As If! The Oral History of Clueless as Told by Amy Heckerling, the Cast and the Crew, Jen Chaney (paperback)

Will we ever get tired of Clueless?
Ugh, as if!

Acclaimed pop culture journalist Jen Chaney celebrates the twentieth anniversary os the classic film’s release in the first book of its kind, weaving together original interviews with writer and director Amy Heckerling; key cast members, including Alicia Silverstone (Cher), Paul Rudd (Josh), Stacey Dash (Dionne), Donald Faison (Murray), Elisa Donovan (Amber), Wallace Shawn (Mr Hall), Twink Caplan (Ms Geist and associate producer); and other crucial Clueless players like costume designed Mona May, casting director Marcia Ross, director of photography Bill Pope, former Paramount chairwoman Sherry Lansing, and many more. Cast and crew also pay heartfelt tribute to the late Brittany Murphy, who lit up the screen as Cher’s protégée, Tai.

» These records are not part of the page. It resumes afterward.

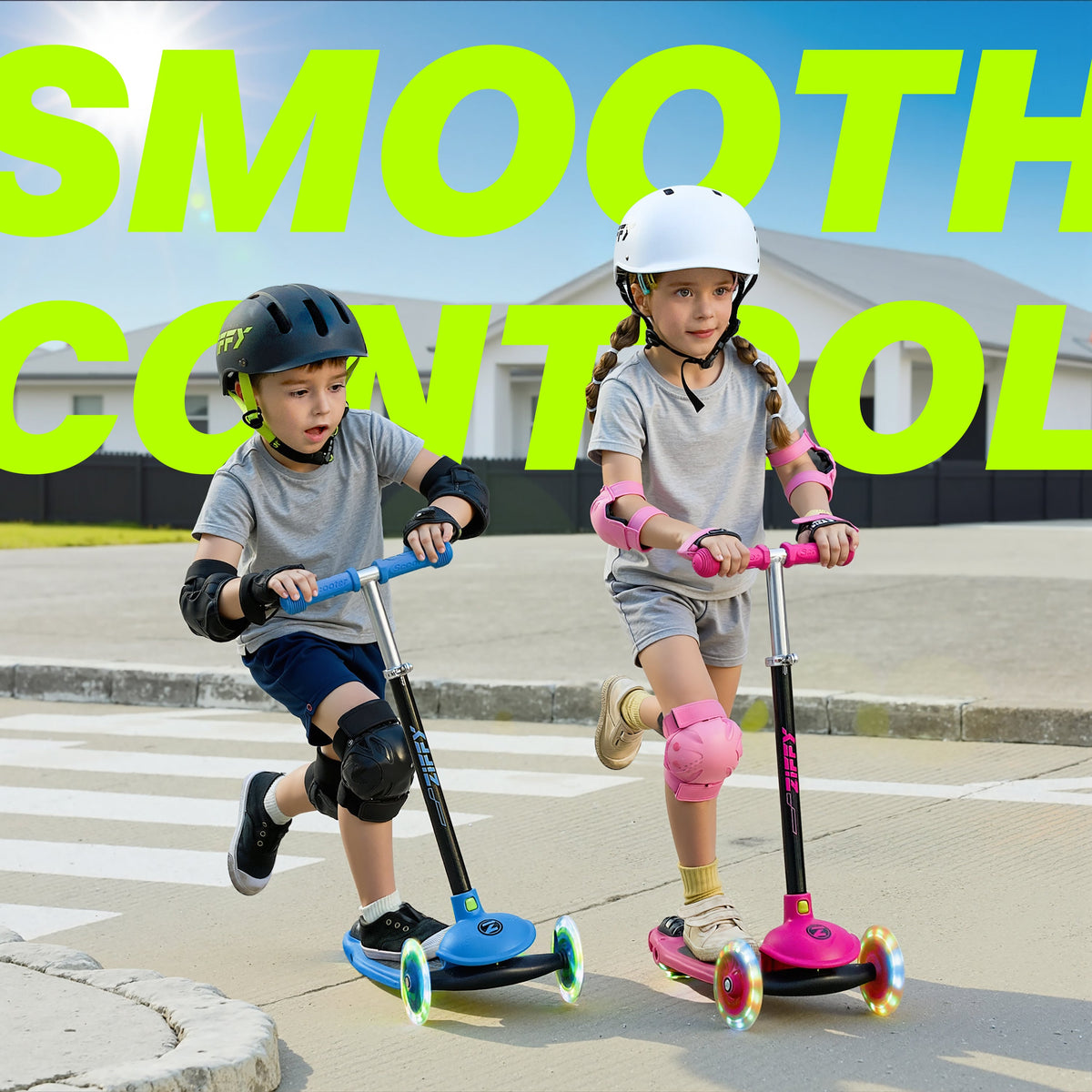 JOVA-ZIFFY 3 Wheel Scooter for Kids 3-5 - LED Light-Up Wheels, Red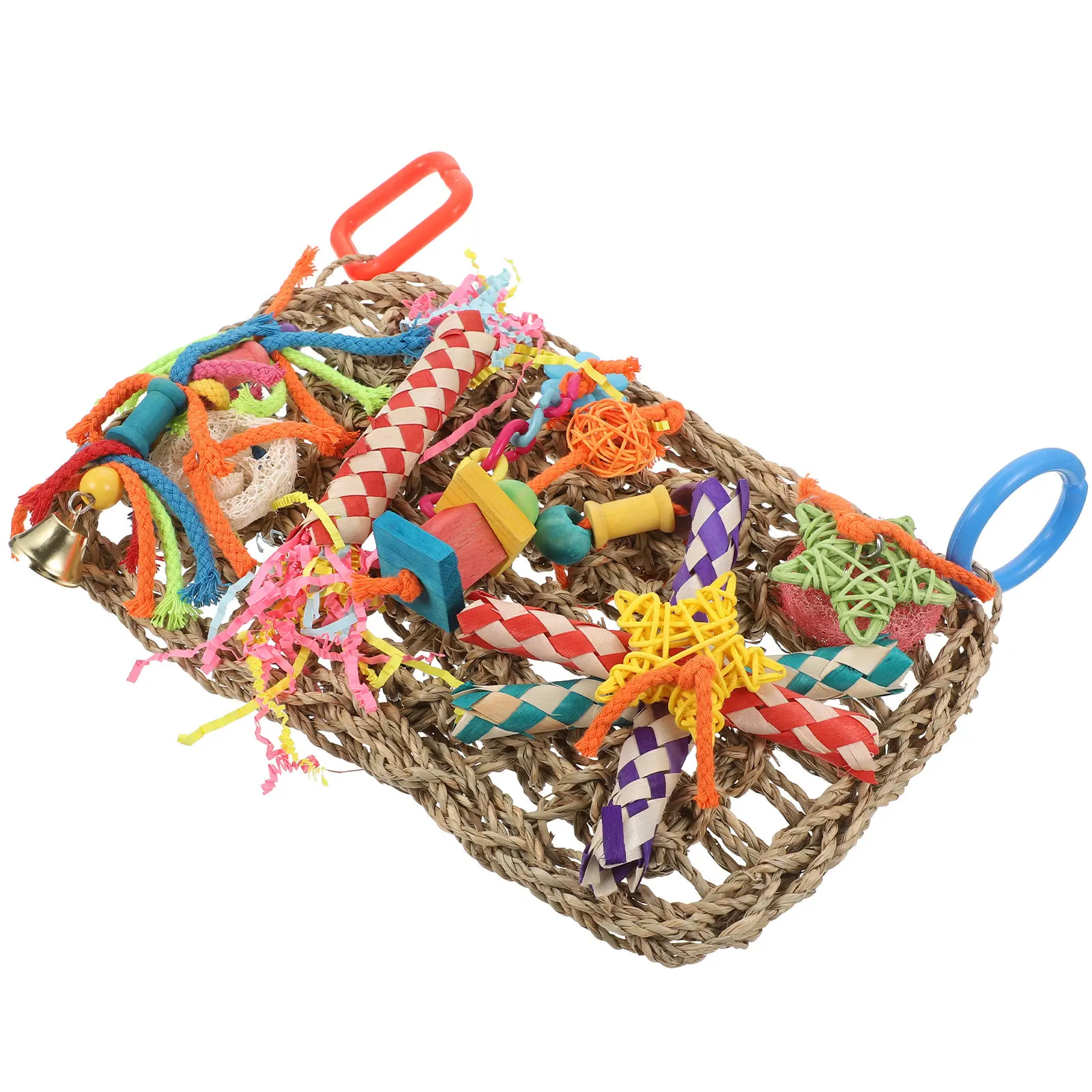 Parrot Natural Straw Hanging Mat Birdcage Suspension Chewing Foraging Cage Supplement Bird Chew Toys Foraging Toys for Parrots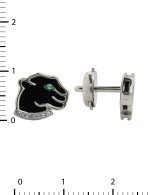 Серьги из белого золота c бриллиантами, изумрудом и ониксом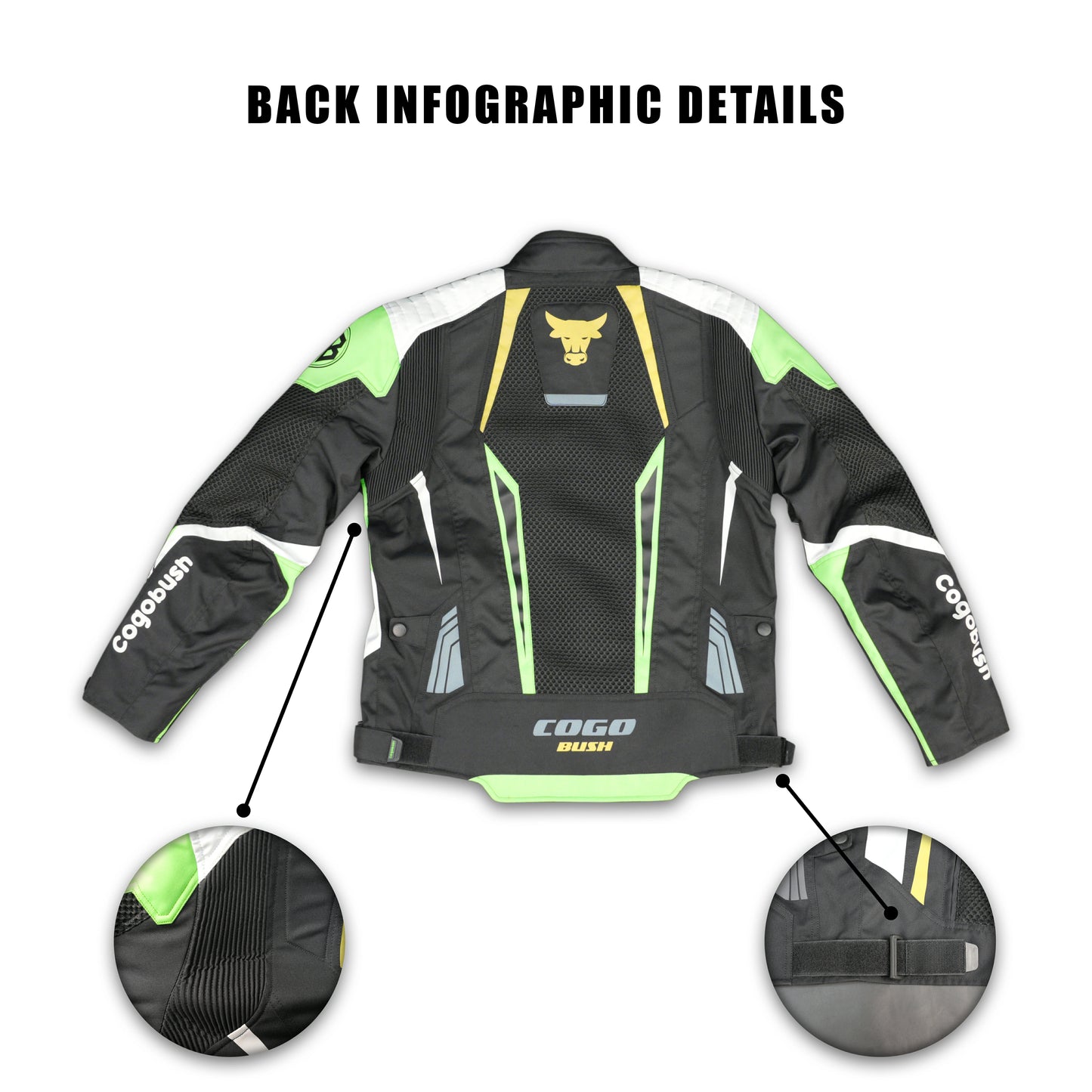 Cogobush Black & Neon Green Mesh Motorcycle Riding Jacket with CE Armor Pockets #Desiderio #MotorcycleJacket #MeshJacket #CERated #RidingGear #BikerStyle #SummerRiding #ProtectiveGear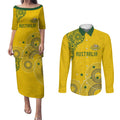 Custom Australia National Football Couples Matching Puletasi and Long Sleeve Button Shirt Socceroos-Aboriginal Dot Art Heritage Graphic
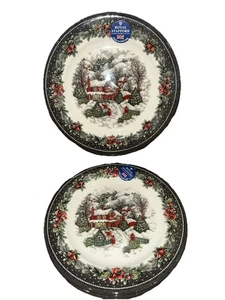 Royal Stafford Christmas Village Salad Plates NEW Set of 6 Holiday Festive 8" - Picture 1 of 3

Chaney explores the influence of Jane Austen’s Emma as the unlikely framework for Heckerling’s script, the rigorous casting process (including the future stars who didn’t make the cut), the functional yet fashion-forward wardrobe, the unique slang that drew from the past and coined new phrases for the future, the sun-drenched soundtrack that set the tone, and – above all – the massive amount of work, creativity and craft that went into making Clueless look so effortlessly bright and glossy.

As If! illuminates why plaid skirts and knee socks will never go out of style, and why Clueless remains one of the most beloved comedies of all time.

I couldn’t not get this, really! Clueless is one of my all-time favourite films. So looking forward to diving into this.

The Martian, Andy Weir (e-book)

I’m stranded on Mars.

I have no way to communicate with Earth.

I’m in a Habitat designed to last 31 days.

If the Oxygenator breaks down, I’ll suffocate. If the Water Reclaimer breaks down, I’ll die of thirst. If the Hab breaches, I’ll just kind of explode. If none of those things happen, I’ll eventually run out of food and starve to death.

So, yeah. I’m screwed.

I’ve been thinking about getting this for ages but I was finally pushed into it by Sarah (Feeling Fictional)’s comments on Goodreads while she was reading it.